Reviews

Misalliance (Tabard Theatre)

A rare revival of George Bernard Shaw’s Surrey-set drama fails to make a strong case for the play

It’s easy to see why George Bernard Shaw’s Misalliance was a flop when it was first staged in 1910. Despite a rich array of eccentric characters and witty dialogue, this strange, uneven play never really gets its act together with its preposterous plot and scattergun explosion of ideas representing Shaw at his most whimsical.

Apparently only the second professional revival in London (following the John Caird-directed RSC production in the 1980s, starring Brian Cox and Jane Lapotaire), this moderately entertaining production at the Tabard fails to make a convincing case that Misalliance is a lost Shavian classic.

The play is set on one Saturday afternoon in the conservatory of a large country house in Surrey, home of the wealthy underwear manufacturer turned philanthropist John Tarleton. His daughter Hypatia, engaged to a clever but effete aristocrat called ‘Bunny’, longs for "adventure to drop out of the sky" – which it duly does in the form of an aeroplane crashing into the garden greenhouse. The charming, daredevil pilot and his glamorous female passenger – a Polish acrobat no less – shake up the stuffy bourgeois household, as does a young socialist clerk hiding in a portable Turkish bath, waiting to shoot the head of the family.

The play’s subtitle ‘A Debate in One Sitting’ aptly describes its rhetorical quality, where, as Hypatia says, everyone seems excessively engaged in "talk, talk, talk". Always a wordy playwright, this work does seem verbose even by Shaw’s standards, exploring a bewildering variety of ideas, especially around class, gender and generational relationships. There are misalliances not only in potential marriage arrangements, but in the clashes between the aristocracy and nouveaux riches, socialism and capitalism, freedom and materialism. Above all, Shaw takes pot shots at middle-class hypocrisy and propriety, without consistently hitting the target as he does in his better plays.

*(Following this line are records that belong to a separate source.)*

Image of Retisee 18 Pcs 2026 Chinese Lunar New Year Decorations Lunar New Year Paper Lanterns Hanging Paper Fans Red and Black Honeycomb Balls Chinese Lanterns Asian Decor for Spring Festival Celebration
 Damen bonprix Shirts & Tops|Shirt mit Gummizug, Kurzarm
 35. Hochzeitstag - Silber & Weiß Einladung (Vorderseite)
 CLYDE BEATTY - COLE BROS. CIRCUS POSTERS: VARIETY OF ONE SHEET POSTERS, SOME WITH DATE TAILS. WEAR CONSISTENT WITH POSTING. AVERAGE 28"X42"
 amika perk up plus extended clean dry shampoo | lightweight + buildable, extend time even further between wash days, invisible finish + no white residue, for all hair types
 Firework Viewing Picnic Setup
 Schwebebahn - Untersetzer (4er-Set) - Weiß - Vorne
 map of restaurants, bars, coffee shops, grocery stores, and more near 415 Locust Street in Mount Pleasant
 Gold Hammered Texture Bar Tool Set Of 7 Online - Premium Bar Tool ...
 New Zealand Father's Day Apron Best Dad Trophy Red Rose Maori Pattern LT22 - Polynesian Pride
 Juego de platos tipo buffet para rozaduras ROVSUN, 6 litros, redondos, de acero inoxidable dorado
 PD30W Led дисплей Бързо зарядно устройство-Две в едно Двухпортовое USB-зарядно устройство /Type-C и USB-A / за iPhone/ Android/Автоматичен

Following a rather dull, slowish start, Nick Reed‘s production gathers pace and interest after the farcical intervention of the three outsiders acts as a catalyst for other characters to express their inner desires.

Clifford Hume gives an amusingly outsized performance as the self-educated Tarleton giving out reading advice, with Roberta Mair as the wilfully rebellious Hypatia, Carrie Cohen as his warm-hearted but dotty wife and Stuart Walker as his crudely pragmatic son. James Taylor Thomas overdoes the self-centred hysterics of ‘Bunny’, embarrassing his self-possessed, ex-colonial administrator father, played by Toby Davies. Piers Hunt is the smooth-talking but not too gentlemanly pilot and Anna Marlene-Wirtz gives an attractively feisty independence to her Polish New Woman, while Rory Fairbairn’s downtrodden clerk ‘affirms his manhood’ with as much conviction as his red politics – rather too much hot air, which can also be said of the play itself.